By Clare Roth and Ben Kieffer
In much of the developing world, fossil fuels and electricity are too expensive to be legitimate options for cooking. Instead, people there use wood burning
To combat the issue, engineers and groups like the Bill & Melinda Gates Foundation have attempted to develop energy-efficient cookstoves that release less emissions. Great strides have been made, but there are still two significant barriers to widespread use: cost and cultural resistance.
The first is intuitive, argues H.S. Udaykumar, professor of Mechanical and Industrial Engineering at the University of Iowa. A hundred-dollar, or even thirty-dollar, cookstove isn’t an achievable or practical purchase when you’re making a dollar a day.
Tackling the second is less straightforward.
"One of the impediments to inserting new technologies to new places is that there are lots of cultural and other social issues that can impede the progress of these technologies,” he says. “If you’re trying to give them a high-efficiency cookstove, they don’t use it.”
This is particularly true given the place cooking has in culture.
“Cooking is so, I don’t know what it is— my colleagues in Women’s Studies call it the heart of the home.
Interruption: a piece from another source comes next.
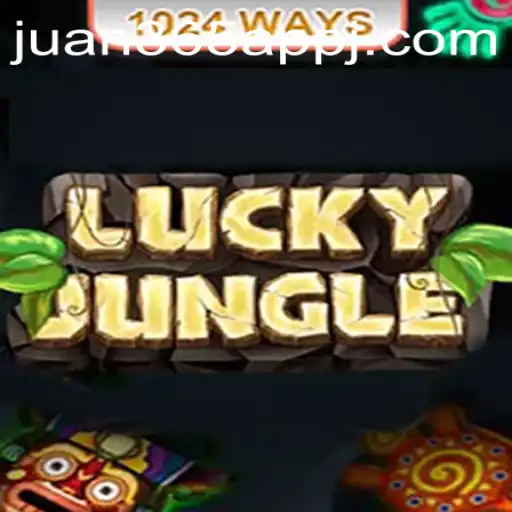 Unlocking the Secrets of LuckyJungle1024: An Exciting Gaming Experience with Juan 365 App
So trying to change that practice has a lot of resistance.”
So he developed a simple metal insert that fit into the cookstoves people in India already used. The grate increases airflow, allowing the wood to burn more cleanly and completely. That means less of the soot that causes serious lung problems from smoke inhalation and less wood cut down from nearby forests.
The grates aren’t just easier to implement, they’re far cheaper as well.
“The government in India actually offers a subsidy on those $30 cookstoves to the tune of $7. What we’re seeing is this is way below even the subsidy they’re offering. And it’s a simple thing. There should be no real resistance to just sticking this in their traditional hearth.”
Though the Udaykumar’s grates will be used almost exclusively in small rural communities in developing countries like India, he argues the cookstove issue is critical to those in the first-world as well. He says the lung problems caused by smoke inhalation disproportionately affect women and children in the developing world, but the climate effects of inefficient burning are global.
“We think of these as local problems that apply to women and children in these really remote areas, but actually it’s a global problem because it connects to all of us, not only in terms of climate change but in terms of deforestation.”